Levi ve Viller, 1995 yılında Halep şehrinin kuzey kesiminde doğdu. 2011-2012 yıllarında Suriye’de iç savaşın başlamasından bu yana lise eğitimini yarıda bırakarak çocukken ailesiyle birlikte Suriye’den ayrılmak zorunda kaldı ve şu anda İzmir’de yaşıyor.
Levi, kendi kendini yetiştiren bir sanatçıdır. Onu derinden etkileyen Rönesans ve Barok dönemi sanatçıları oldu.
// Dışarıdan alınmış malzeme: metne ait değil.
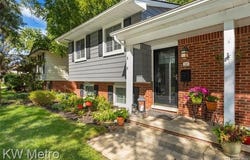 595 Shenandoah Drive, Clawson, MI 48017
Özellikle Caravaggio ve Rembrandt. Romantik dönem müzisyenleri, varoluşçu filozoflar, Goethe, Freud ve Nietzsche’nin eserlerini keşfetme mutluluğu sonrasında, düşüncelerinin çoğunu bu eserlere ve hipotezlere dayanarak geliştirdi.
Yuhanna Viller, 1996 yılında Halep şehrinin kuzey kesiminde doğdu. O da ağabeyi gibi savaş sonrası ülkesinden ayrılmak zorunda kaldı. Yuhanna kendi kendini yetiştirmiş bir sanatçı. Başta Da Vinci ve Rembrandt olmak üzere Rönesans ve Barok dönemi sanatçılardan derinden etkilendi.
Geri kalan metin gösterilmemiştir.